Still, the Family is way ahead of mainstream American society. There seems to be a consensus that sexist behavior is wrong. I don't think "Babylon" has reached that point. There are factors inherent to the Gatherings that maintain male domination. Foremost is the fact that road dogs and hobos often dominate seed camp. This is due to the reality that single women can not hitchhike and ride the rails without fear of attack. Hence, most hobos and road dogs are men and in turn, male energy dominates early stages of Gatherings when the tenor of the event is established.

JT: I agree with you about the tone of early seed camp and how it spills into the rest of the Gathering. Yet, at this point, there would be no Gathering if these road dogs didn't show up early for seed camp and stay late for cleanup. The question to me seems to be, how do we chamge this dynamic?

The Gathering is a rugged, intensely physical experience. And while many women work very hard at a Gathering, I've noticed that men, as a whole, do a disproportionate share of the hard labor--hauling in kitchens, digging shitters, laying water pipes, building bridges, running supplies--that it takes to make a Gathering happen.

But what, for instance, would it do for the Gathering if a core group of determined, highly motivated sisters showed up on Day 1 of Seed Camp and worked as hard, or harder, than the road dogs? And what if, after a decade of doing some very necessary consciousness raising work, Sister Circle gave birth to Sister Kitchen (serving food to all but run 100% by sisters). That could be truly empowering. For now it seems like it's easier to make passionate speeches, in council or at dinner circle, denouncing the evils of patriarchy.

MN: A small group of highly motivated sisters have always worked side-by-side with men during seed camp--but after a quarter of a century of this, they still have to put up with shit from men. This makes their work harder and the seed camp experience less rewarding.

The reality also exists that in the USA, solo women do not have the opportunity to live the road dog life the way men do. There is an epidemic of violence against women in this country which makes it more dangerous for women to live alone or on the road. So seed camp will always be overwhelmingly male.

If Rainbow was truly a Utopia, there wouldn't be a need for a sisters' kitchen. Until then, there IS a need to denounce patriarchy. That's what makes Rainbow strong--the fact that folks can challenge institutions and encourage debate. Saying that women aren't working hard enough during Seed Camp is just blaming the victims.

Subverting the Dominant Paradigm

JT: These Gatherings have been going on for 27 years now in spite of a lot of hassles and heavy-handed treatment by the US government. You wrote a chapter about the government's attempts to suppress Rainbow. Do you think what the government is doing is driven by a bureaucratic logic going out of control. Or, do you think that the US government is actually concerned that Rainbow could become a larger force in society with its ideas of sharing and non-violence?

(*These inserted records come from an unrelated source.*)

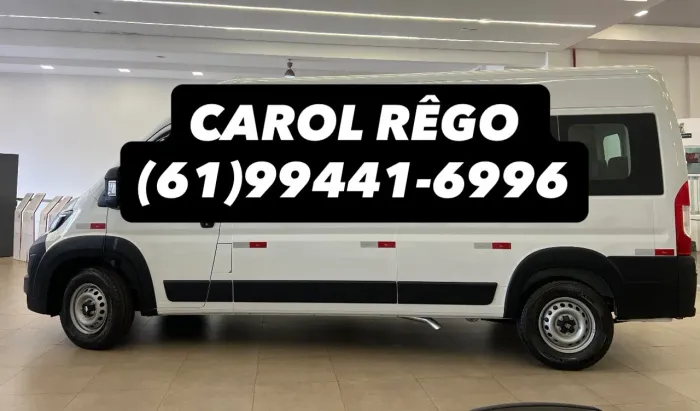 Fiat Ducato Minibus 2.2 COMFORT 18L (E6) 2026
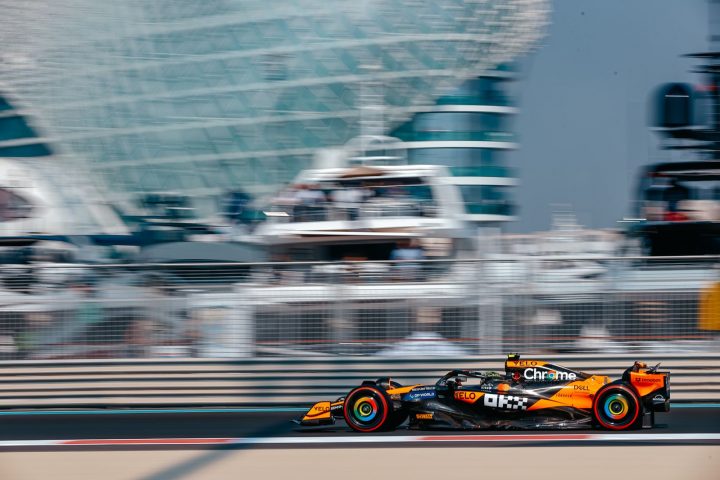 Lando Norris (McLaren) - ©️ McLaren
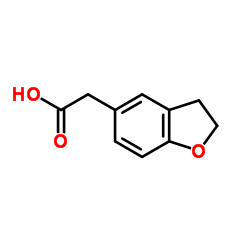 Suministro Ácido 2,3-dihidrobenzofuran-5-acético CAS:69999-16-2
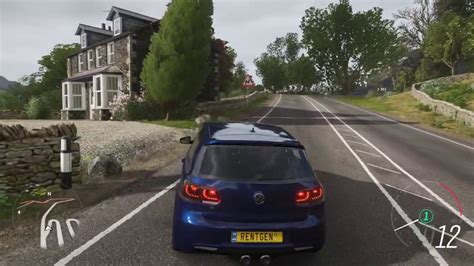 Forza Horizon 4 Volkswagen Golf R 2010 Gameplay YouTube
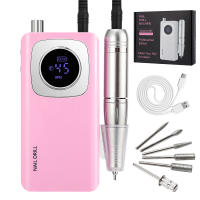 Máquina De Manicura Eléctrica Recargable 45000RPM Para Uñas De Gel Pulidora De Uñas Para Hogar Y Salón DianaBeauty - details 9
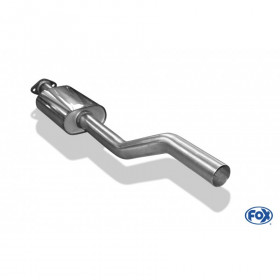 Silent stainless steel front for NISSAN PICK UP TYPE D22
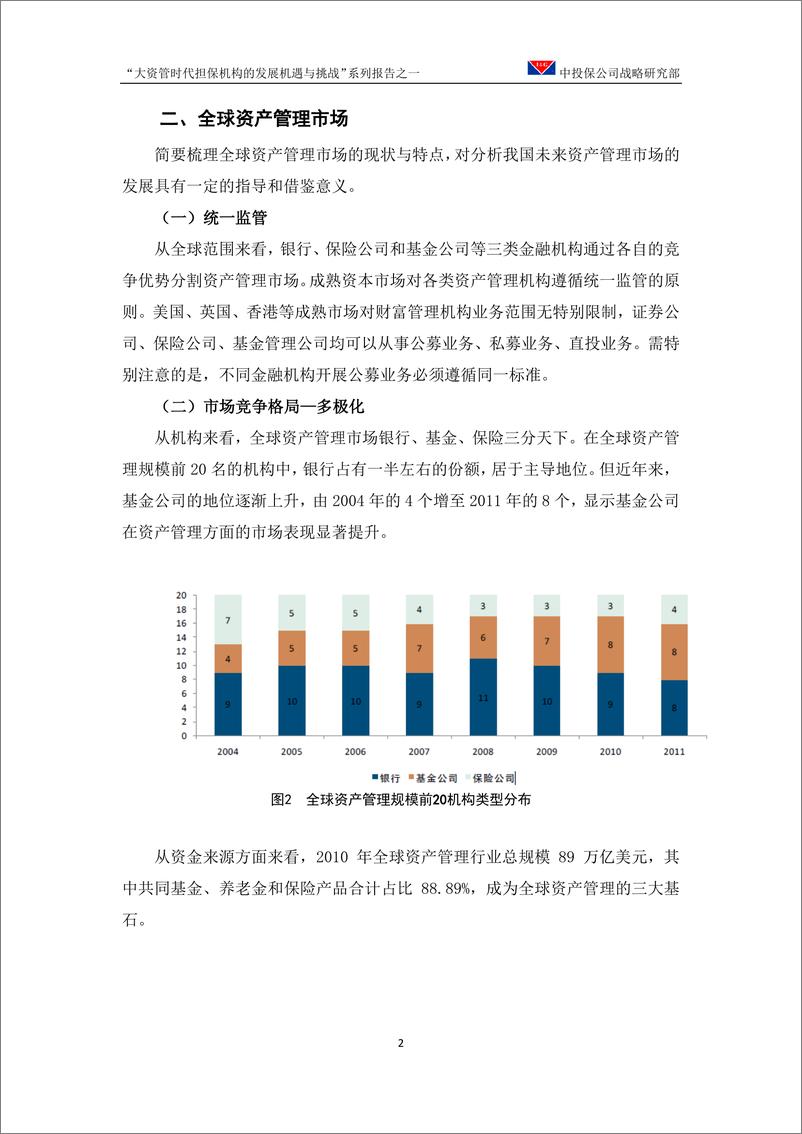 《IFCEO说201305中国资产管理市场未来竞争格局分析11页》 - 第3页预览图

MN: It's a little bit of both. One thing that is threatening to people in authority is Rainbow's lack of authority. When the police look at Rainbow, they are staring into the face of their own obselesance. The fact that Rainbows can get together and have such large Gatherings and not need a police force and to show time and time again that the Babylonian police force is a hindrance not a help, I think they see how useless they are. And it's frightening.

If mainstream Americans, conservative Americans who are a part of local tax revolts, got wind of the fact that they don't need to be policing themselves so heavily, that they don't need to be spending so much money on this paramilitary force to be policing their communities, that they can police their communities together beginning with communal Shanti Senas. What's threatening is that we don't need government. Here's an example: 20,000 people getting together and showing that we as human beings don't need governments, that government gets in the way of things.

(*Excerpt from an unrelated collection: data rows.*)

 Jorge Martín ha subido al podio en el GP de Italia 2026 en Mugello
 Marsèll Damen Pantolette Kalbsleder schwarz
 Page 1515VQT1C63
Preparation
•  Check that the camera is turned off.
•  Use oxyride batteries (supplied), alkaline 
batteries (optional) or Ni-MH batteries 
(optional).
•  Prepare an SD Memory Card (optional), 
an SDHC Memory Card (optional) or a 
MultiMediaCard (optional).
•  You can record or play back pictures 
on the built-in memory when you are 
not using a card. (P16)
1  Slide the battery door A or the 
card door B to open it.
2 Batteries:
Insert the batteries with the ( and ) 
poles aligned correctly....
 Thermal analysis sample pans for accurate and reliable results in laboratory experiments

A lot of Rainbows are paranoid that the government is there with satellites following the Family and they're going to throw us all in concentration camps. I don't think that's happening.

The government doesn't really give a damn about Rainbow. There's no real threat that the Rainbows are going to get together and levitate the Pentagon or anything like that. I think the biggest threat is that the Rainbows are providing an example of an alternative that is viable, which is why the government likes to see the Rainbows fuck up.

"A-Camp Is a Babylonian Attack on the Rainbow Family"

JT: Speaking of Rainbows fucking up, what would you say the greatest challenge facing the Rainbow Family is at this point. A lot of people have been criticizing A-Camp.

MN: One of the beautiful things about Rainbow is that it is a non-exclusive community. Every other Utopian community I know of has put up a boundary as to who is a member of the community. Rainbows say anybody with or without a bellybutton is a Rainbow. So, you're going to have some problems.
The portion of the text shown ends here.